The National Security Agency is launching a surveillance program
called "Perfect Citizen." The Wall Street Journal reports
that the program is designed to
"detect cyber assaults on private companies and government agencies
running such critical infrastructure as the electricity grid and
nuclear-power plants." One internal email within Raytheon, the private
contractor running Perfect Citizen, declared that"Perfect Citizen is Big
Brother." Is this an important tool in protecting vital U.S.
infrastructure from cyber attack or a step too far for the
ever-expanding surveillance state?
- Military and Intelligence
Defend Program The Wall Street Journal's Siobhan Gorman reports, "A
U.S. military official called the program long overdue and said any
intrusion into privacy is no greater than what the public already
endures from traffic cameras. It's a logical extension of the work
federal agencies have done in the past to protect physical attacks on
critical infrastructure that could sabotage the government or key parts
of the country, the official said. U.S. intelligence officials have
grown increasingly alarmed about what they believe to be Chinese and
Russian surveillance of computer systems that control the electric grid
and other U.S. infrastructure. Officials are unable to describe the full
scope of the problem, however, because they have had limited ability to
pull together all the private data."
- Why Congress Should Make
This Public Tech Liberation's Jim Harper explains, "If
there is to be a federal government role in securing the Internet from
cyberattacks, there is no good reason why its main components should not
be publicly known and openly debated. Small parts, like threat
signatures and such--the unique characteristics of new attacks--might be
appropriately kept secret, but no favor is done to any potential
attackers by revealing that there is a system for detecting their
activities. A cybersecurity effort that is not tested by public
oversight will be weaker than ones that are scrutinzed by private-sector
experts, academics, security vendors, and watchdog groups."
Stab at 'Total Information Awareness'? TechDirt's Mike Masnick writes, "Recalling the old
plans for the 'Total
Information Awareness' system from nearly a decade ago (which
eventually was scrapped -- at least publicly -- after widespread
outrage), apparently the NSA is setting up a top secret new internet
surveillance program with the ominously creepy name 'Perfect Citizen.'
The NSA, of course, is quick to claim that the program is just for 'research' purposes, to assess vulnerabilities and capabilities, but not
everyone is buying that explanation."
- Gov't Insiders Push For
Stronger Cybersecurity Wired's Ryan Singel points out,
"Government insiders have recently been whipping
up bureaucratic and public support for increased government funding
for computer security.

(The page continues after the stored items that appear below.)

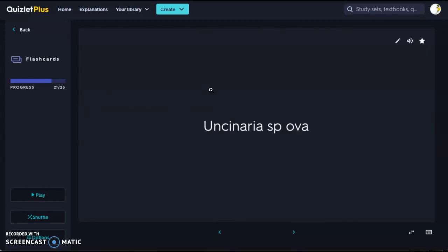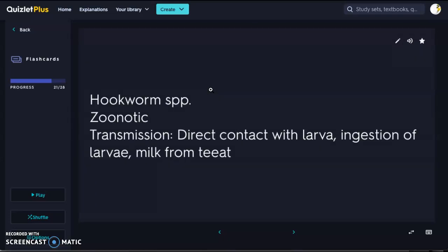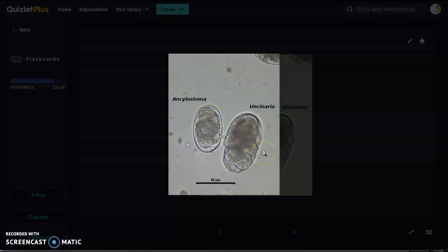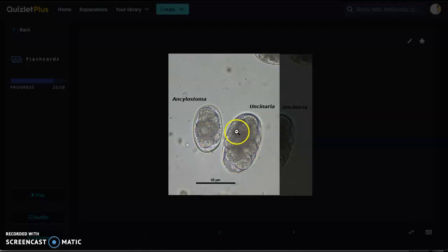Next we have a type of hookworm — the Uncinaria species. Hookworms are zoonotic; remember the hookworm looks like a hook. Transmission is direct contact with the larva, ingestion of the larva, and also through the milk in the mammary gland, so nursing infants can be infected that way. If you ingest raw milk, that's a potential route for hookworm infection. Here are two different species of eggs side by side — you can see a size difference between them, with clustered circles inside a thin outer line.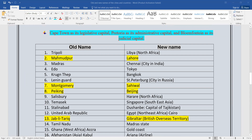Tripoli — the old name is Libya, and now Libya's capital is Tripoli. Libya is a country in North Africa.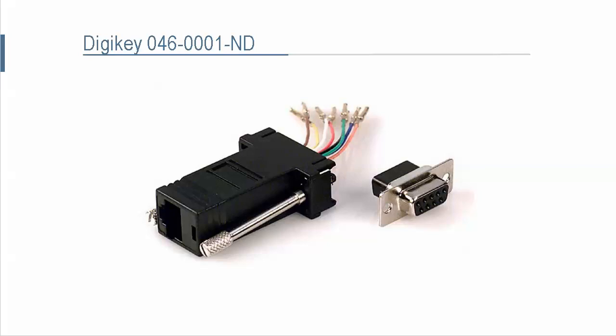First of all, Google DigiKey 046-0001-ND. This is a commonly available part you can purchase online.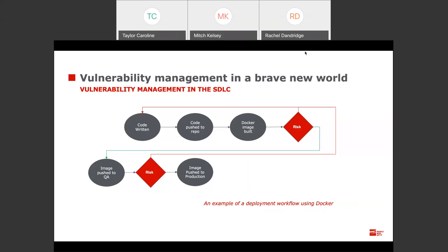The same is true once an image is pushed to quality assurance — if changes are not assessed before going into production, you may have misconfiguration concerns as well. This is where an integration with vulnerability management can really make a big difference, which we'll cover a little bit later in the webinar.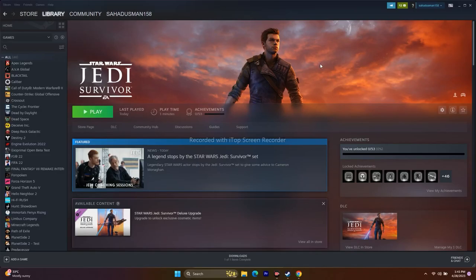Hello guys, welcome back to Good Show Tips. In this video we're going to talk about how to fix Star Wars Jedi Survivor crashing issues — it is not launching, won't launch, freezing and stuttering, low FPS drop, stuck on loading screen, and even black screen issues which is happening for many users.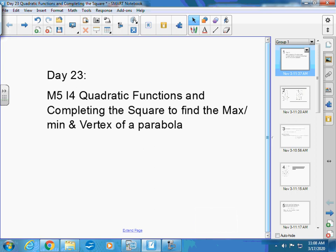Moving on now to module 5, section 4 — or investigation — for quadratic functions and completing the square to find the maximum and vertex of a parabola.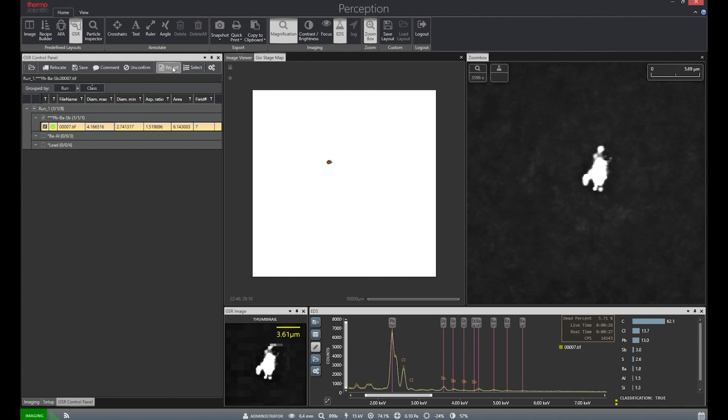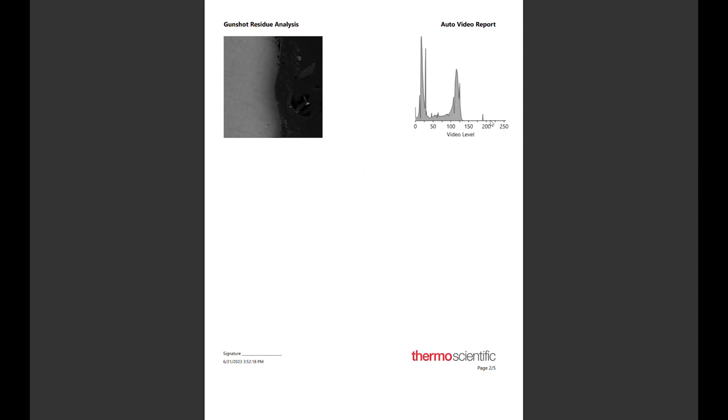We can then generate a PDF report by simply clicking the report button. The generated GSR report is broken down into multiple sections, with the first being the auto video report. This shows the spot where auto brightness and contrast was conducted.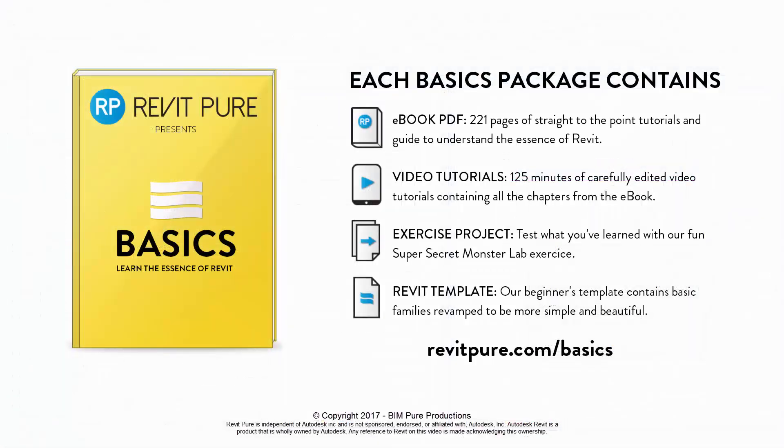If you liked this video, make sure to check the complete RevitPure's basics package. It contains an ebook, a complete video tutorial series, an exercise project, and a basic Revit template. Download the complete package at RevitPure.com/basics.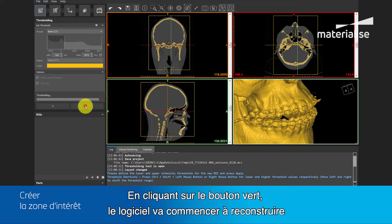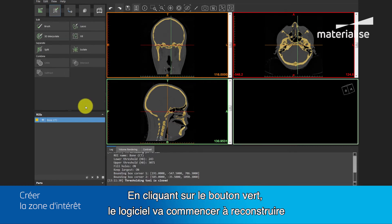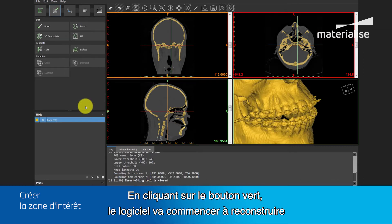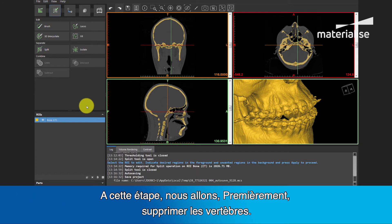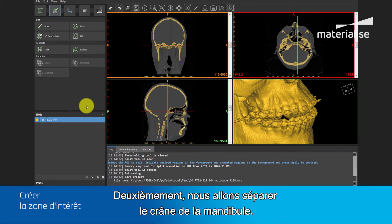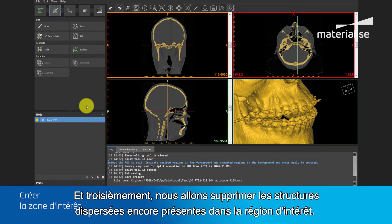I will also check Fill Holes, because you can see that some of the trabecular bone is not fully within my threshold value, and by checking this box, those tiny holes will be filled. By clicking on the green button, the software will start constructing this region of interest. In this step, we want to: first, delete the vertebra; second, separate the cranium from the mandible; and third, delete some of the scatter still present in the region of interest.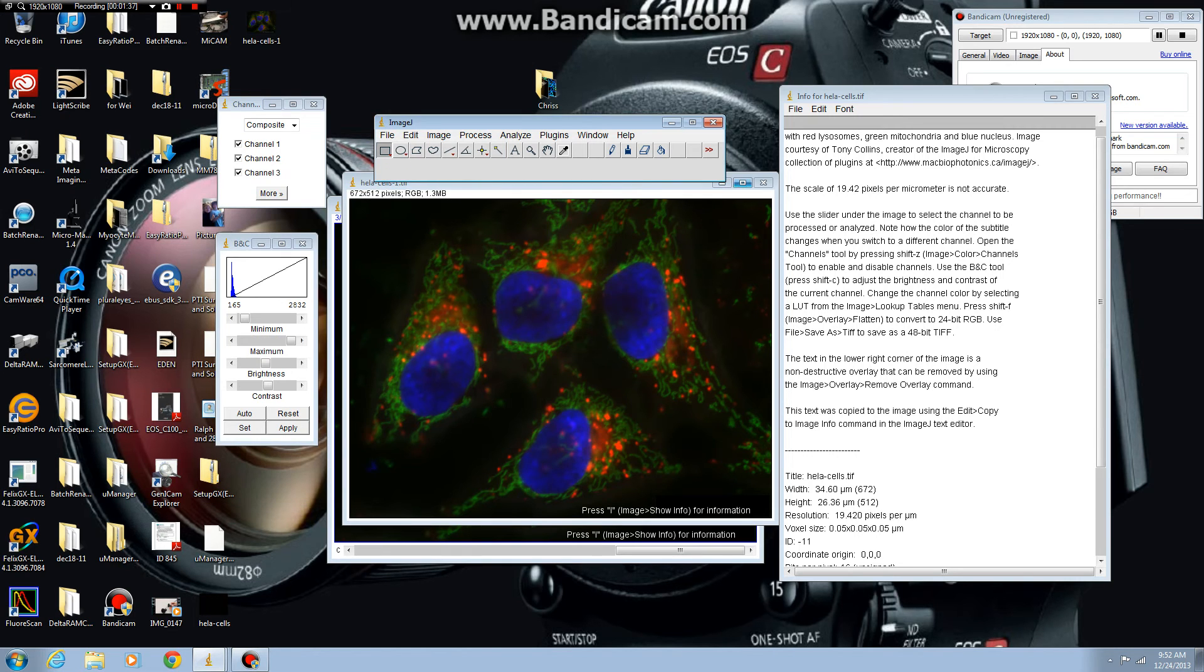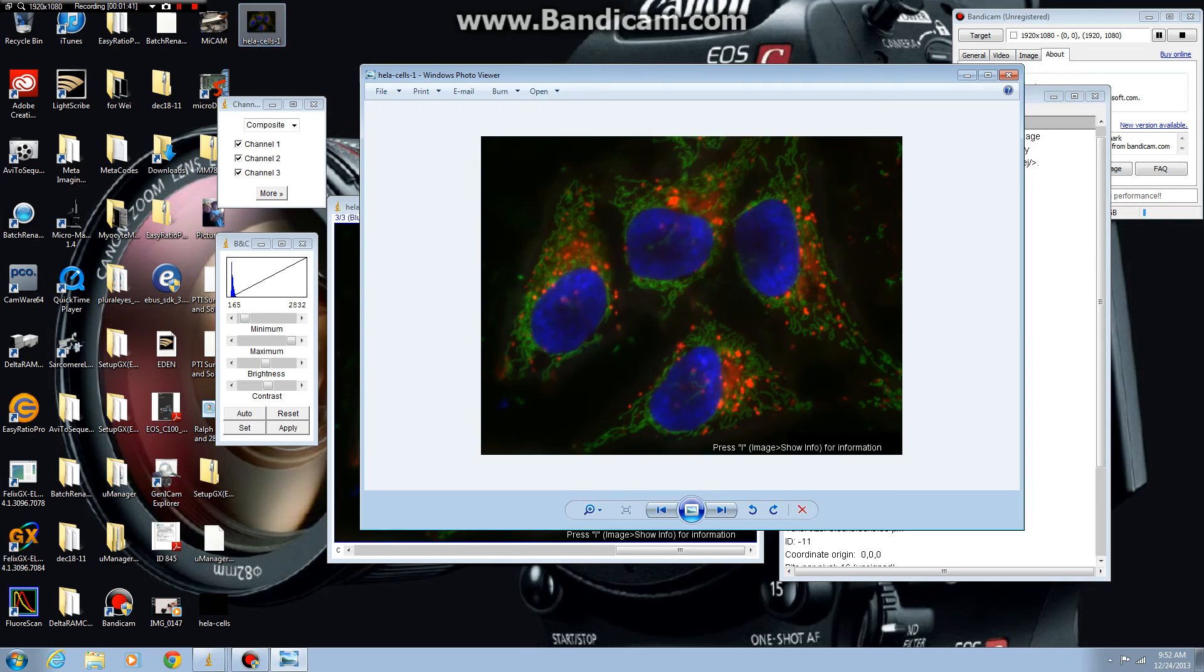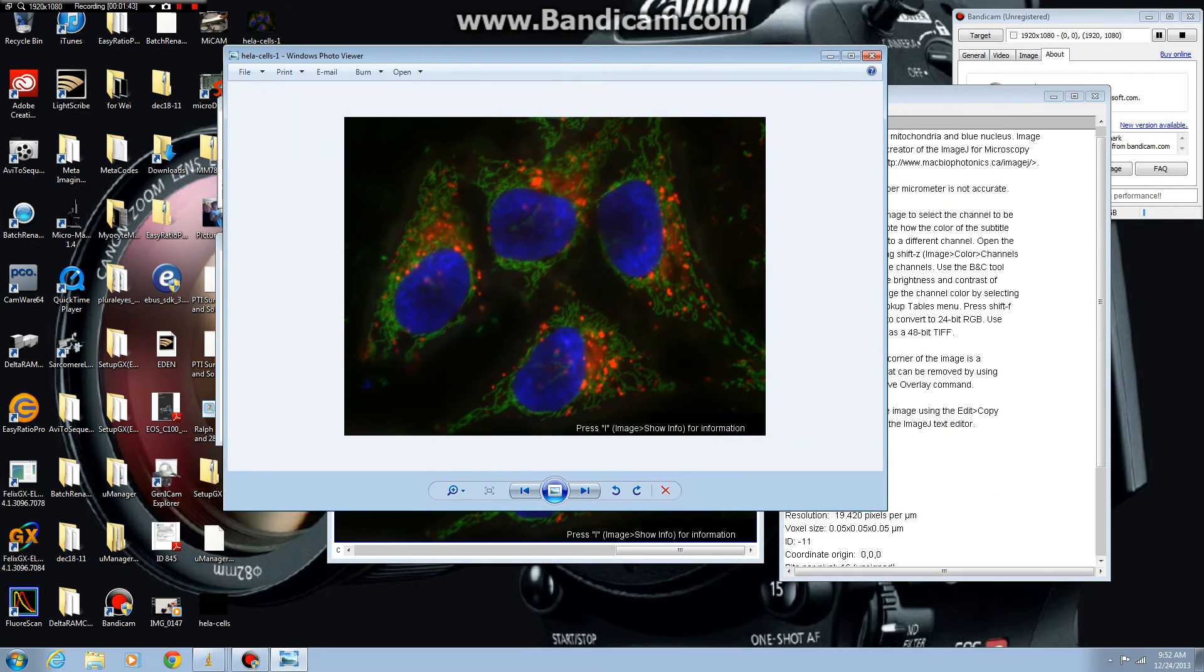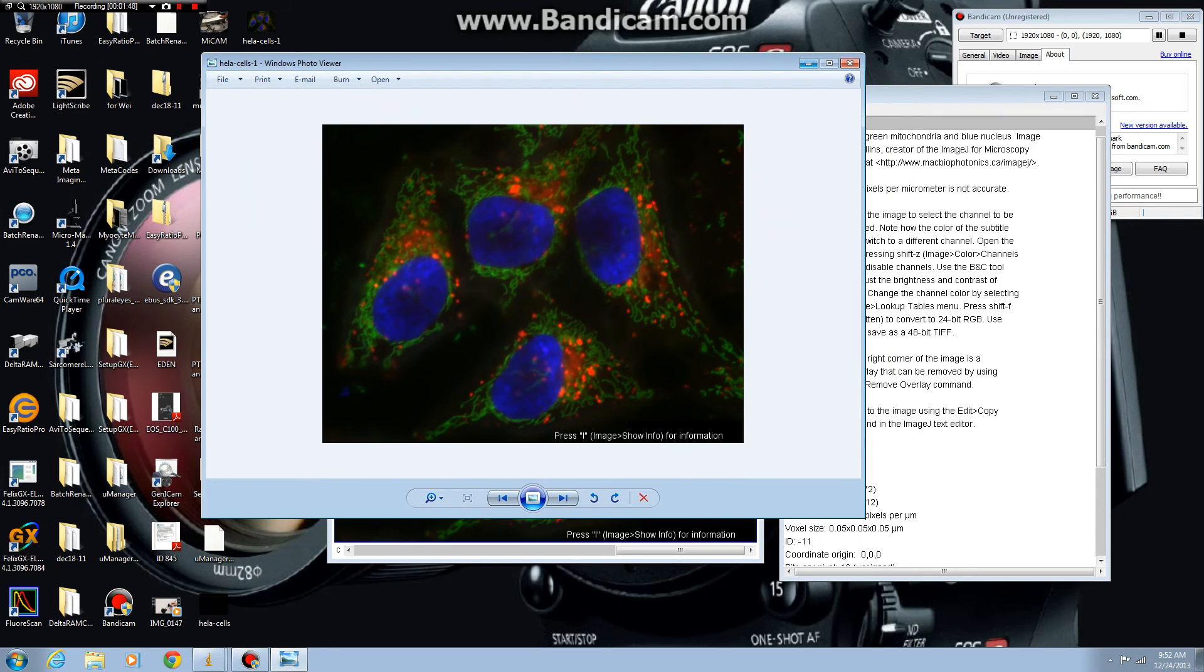And now close the window and you can see on my desktop here is HeLaCells1 as a standard RGB TIFF. This can be opened or saved into any of Microsoft or OpenOffice products.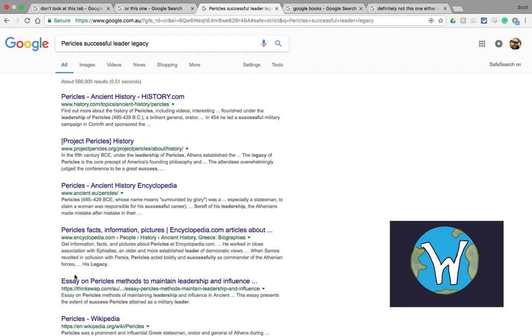So Google has this initiative where they have scanned in millions and millions of books and we're able to see parts or portions of these books. It's very simple to get there.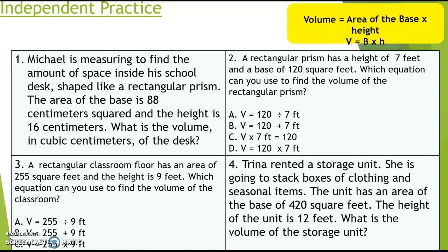Number four: Trina rented a storage unit. The area of the base is four hundred and twenty square feet and the height is twelve feet. You should have multiplied four hundred and twenty times twelve to get five thousand and forty cubic feet. Now you're ready for the exit slip — close out of this presentation and move to your next assignment on Google Math.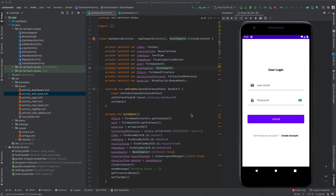Hi and welcome back to this tutorial. Today we are going to learn how to integrate our application with Firebase. Within this tutorial we are going to learn how to do Firebase authentication and how we can store our data in Firebase, read it, delete it, and update it.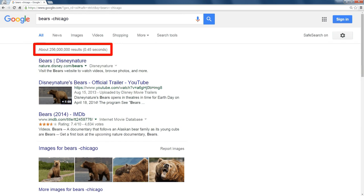Now, even though there were only about 5 million that dealt with the Chicago Bears, they were all at the top because apparently people who use Google are sports fanatics.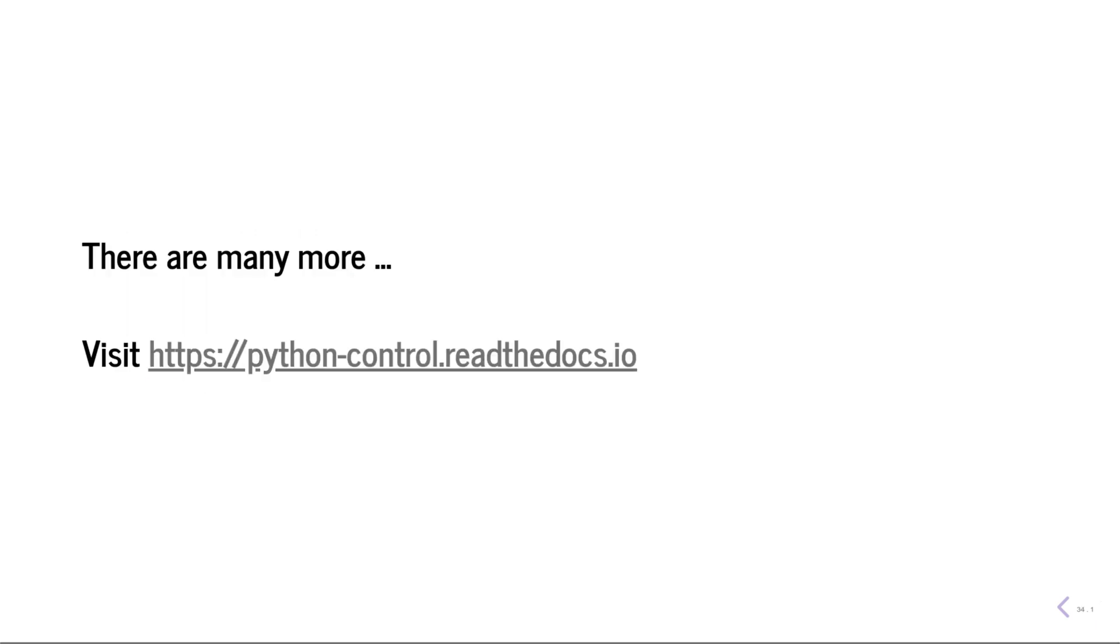There are many more topics including how to deal with non-linear systems and different frequency response models. For more information, visit this website. Thank you.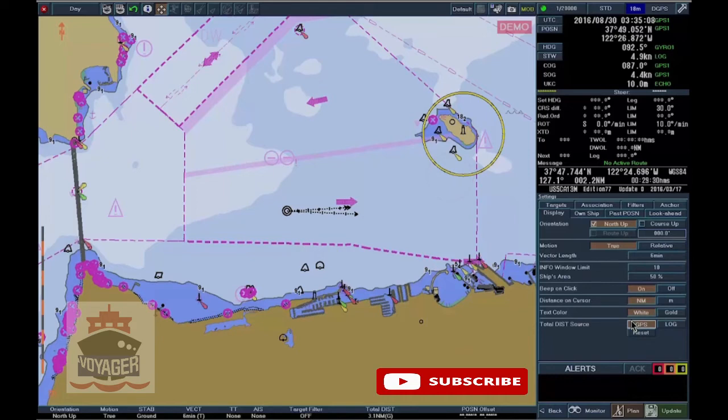To clear the source of the distance, click on the Reset button of Total Distance Source.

Former Director of National Intelligence Michael
McConnell convinced President Bush to sign a still-largely-secret
computer-security plan in January 2008, after telling him that hackers
going after the nation's banks could cause economic damage worse
than the Sept. 11 attacks. Now back at a government-contracting
business, McConnell was given space in The Washington Post to
declare the nation was actually in the midst of a cyberwar that it was
losing, without actually noting who the country was at war with or where
the casualties were being treated."
- The Worst Part Is Just
The Name The Atlantic's Marc
Ambinder calls it "a fairly innocuous public-private partnership
aimed at helping companies that handle critical infrastructure and whose
networks might be vulnerable." He laments the name and wonders why
someone couldn't come up with something more innocuous like "brown
desk." He agrees that the program shouldn't be so secret. "If the NSA
hadn't classified this program, the thrust of the news would be: hey,
government's doing something about cyber threats. Yay!"